Union apprenticeship programs used to be a big factor in educating tradesmen, but the union busting attitudes of the last 30 years have done away with a lot of those programs. When I was an apprentice, I went to school for 2 nights a week for 4 years. The state of Washington recently required nonunion apprentices to have 8 hours classroom training a year. It is little wonder we are getting electricians that can't do much more than run conduit in a straight line or be a stud boring specialist. Now the union program is 4 days a week on the job and 1 day a week in the classroom for 6 years.

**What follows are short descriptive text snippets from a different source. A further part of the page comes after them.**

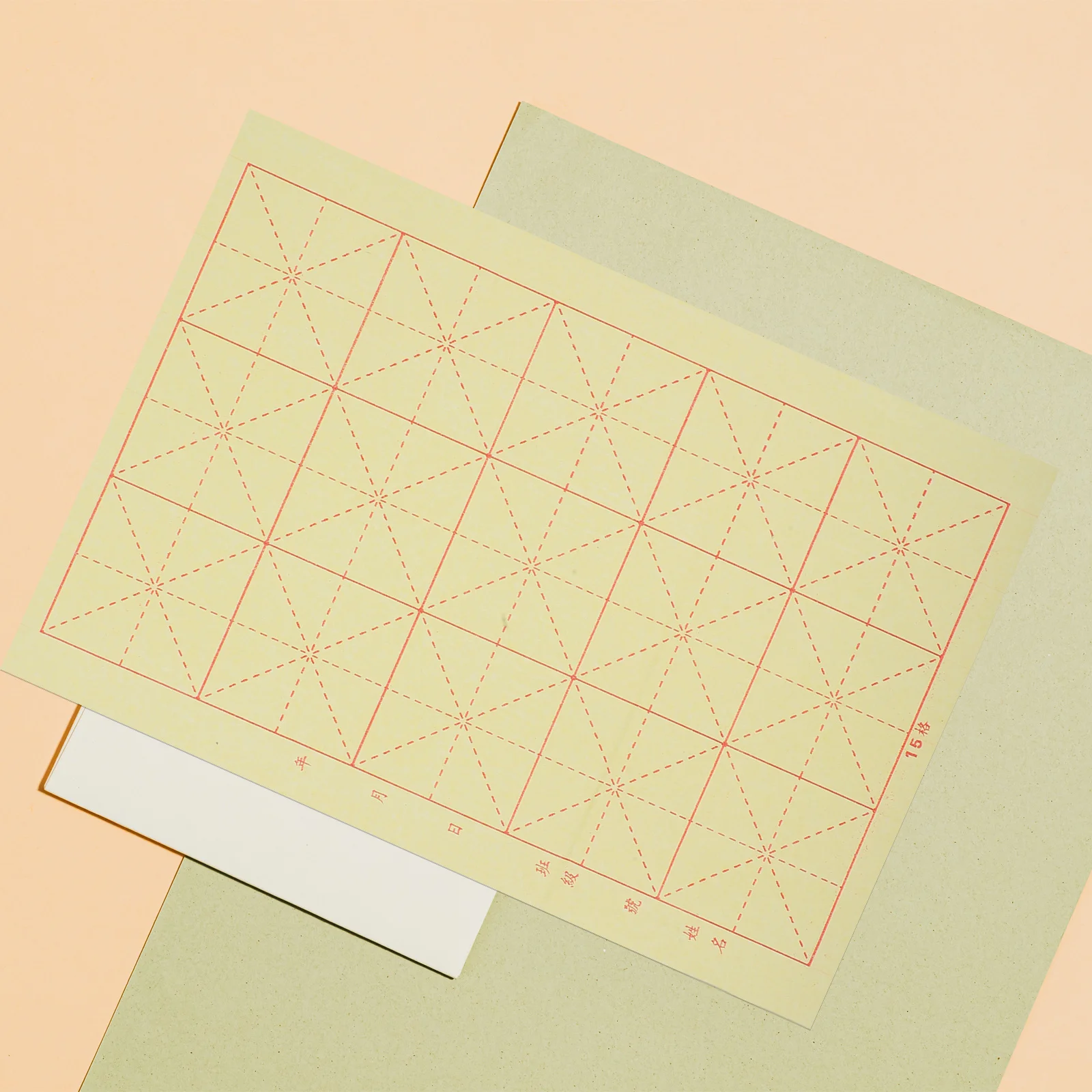 

200Pcs Rice Paper Calligraphy Practice Sheets Xuan Paper with Grids for Beginner Writing Alignment Traditional Chinese Japanese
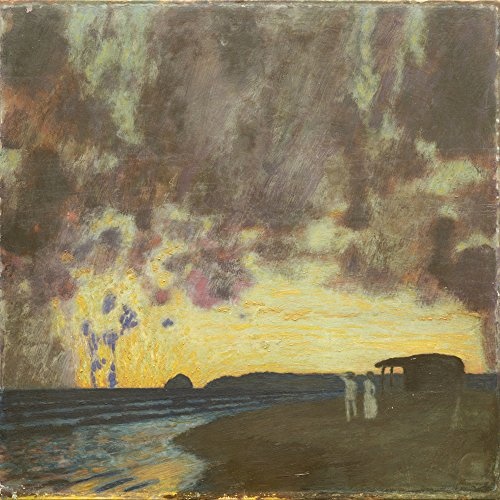 Artland Qualitätsbilder I Bild auf Leinwand Leinwandbilder Wandbilder 40 x 40 cm Landschaften Sonnenaufgang -untergang Malerei Bunt A2PZ Sonnenuntergang am Meer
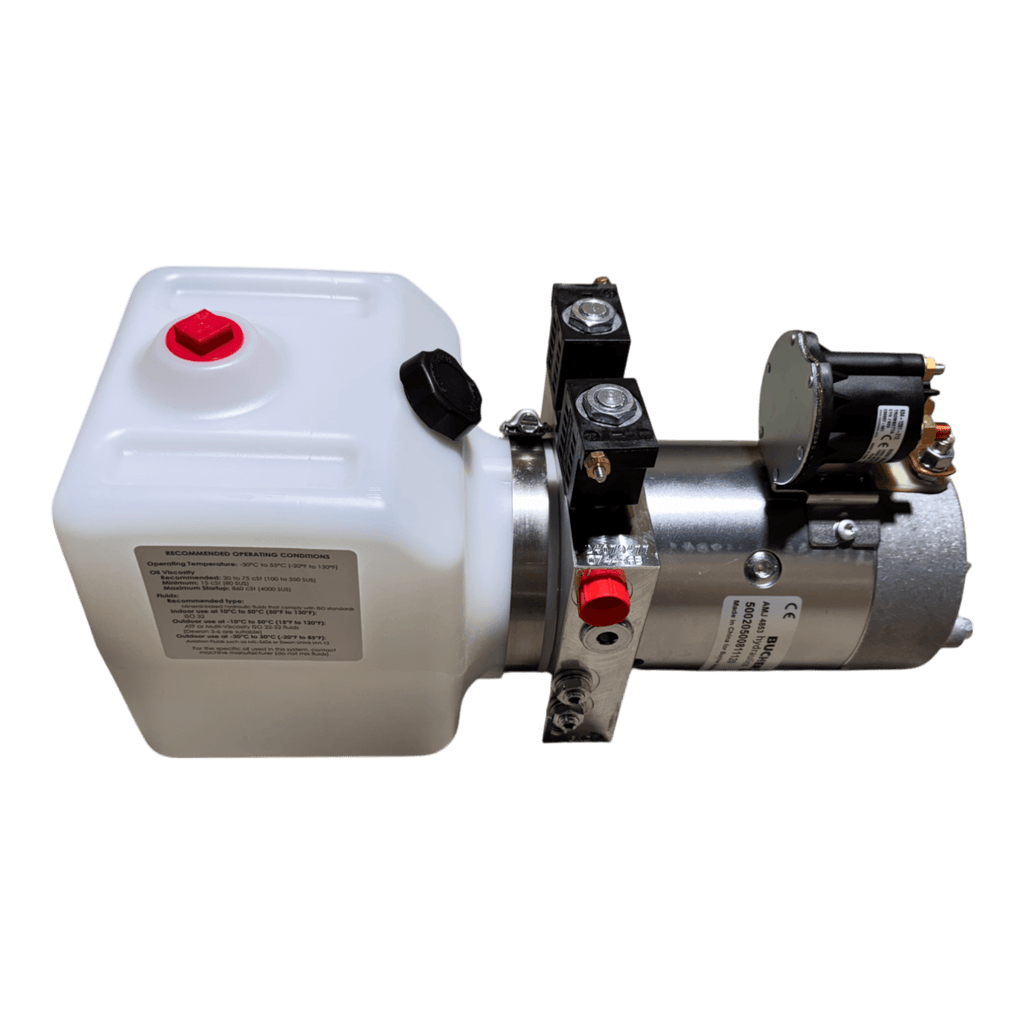 The Bucher Hydraulics, Inc. Bucher Pump 2 Way (Power Up / Power Down) features a 1.5 gal. poly reservoir and a 12V DC double-acting hydraulic pump, set against a white background.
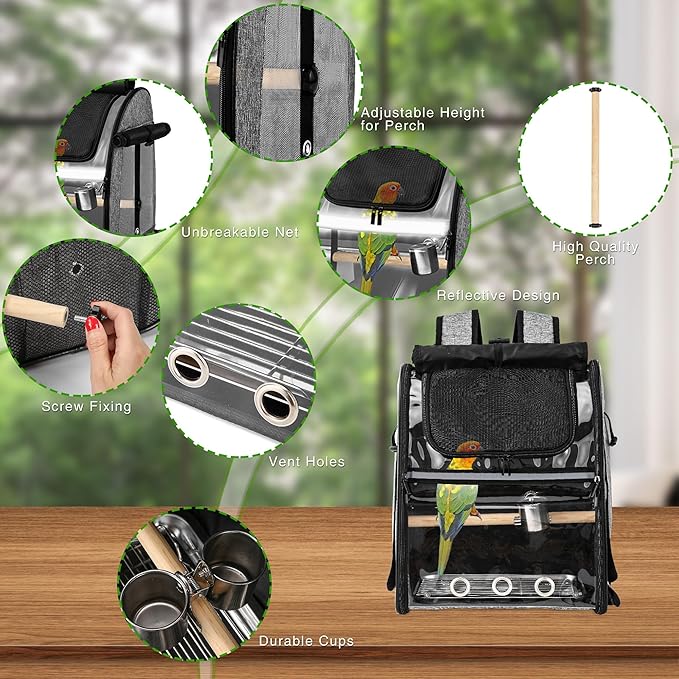 Bird Carrier Bag with Indestructible Stainless Steel Mesh, Bird Travel Cage with Stand, Easy to Clean Backpack for Parrot, Portable Bird Travel Bag, Grey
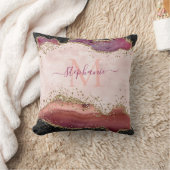 赤面ピンパーソナライズされたク金ゴールドグリッターアゲガーリーート クッション (ブランケット)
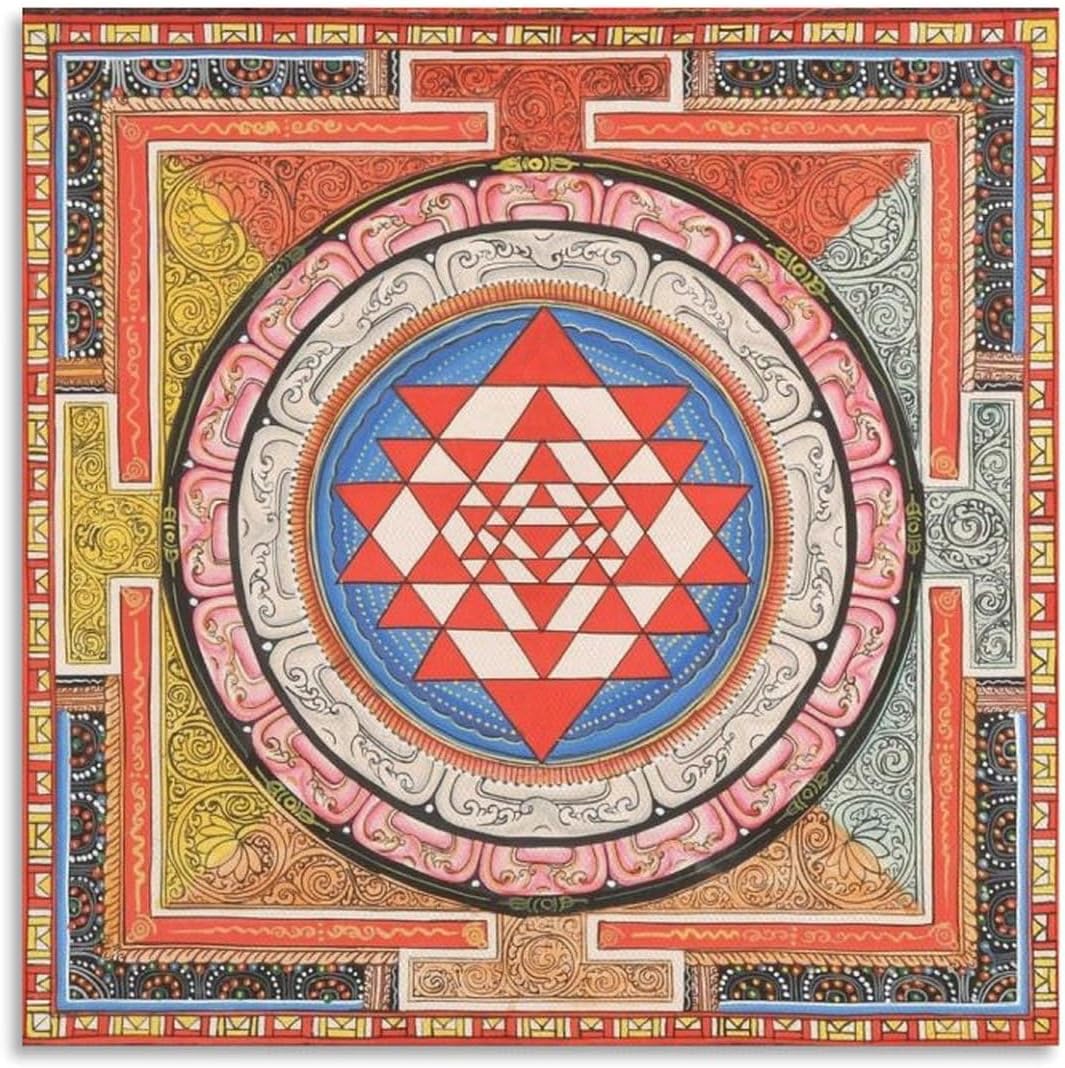1 Piece Tibetan Thangka Buddhist Shri Yantra Mandala Canvas Wall Art | Modern Decor for Office Family Bedroom Living Room | Aesthetic Gift | 28x28 ... 0718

I'm not sure a decision between trade school or college should be made at age 15. I graduated high school with an appointment to the Air Force Academy. I ended up dropping out of college at the end of the first semester to start my apprenticeship. One of my profs had a EE with a PhD. He was teaching college because of the low wages for engineers at the time. One of my neighbors who was an engineer ask me about the money I made as a 2nd year apprentice. He got all huffy and never spoke to me again! It wasn't my fault he got an engineering degree instead of a journeyman card. That disparity has leveled out in the last 40 years.


----------



## steveosshop (Jun 21, 2008)

Good letter and good luck. They did the same thing in many of the school districts around here. They took woodshop out of our highschool about 9yrs ago now. Major bummer. I was in high school in the program when it happened and many parents including mine tried to get them to add it back in, but noone would listen. I hope you have better luck than we had.


----------



## LesB (Dec 21, 2008)

We have a lot of international members of LJs and I'm sure they have their own national priorities in school that are different from ours. So this question could go many different ways if they responded.

For the USA Middle school might be a bit early for serious shop classes and even a "waste of money" but it might be good to follow some of European countries. About the second year of high school the students can direct their schooling towards a particular degree/certificate. (I may have the age/timing off some here) Either college prep or "industrial arts" type classes. This gives each group a direction and incentive. Those who are not academically oriented go into the IA classes and the others into university oriented classes. I think most of the IA training leads to an apprenticeship after high school. Bad part is once they decide on these educational tracks it can be hard to change.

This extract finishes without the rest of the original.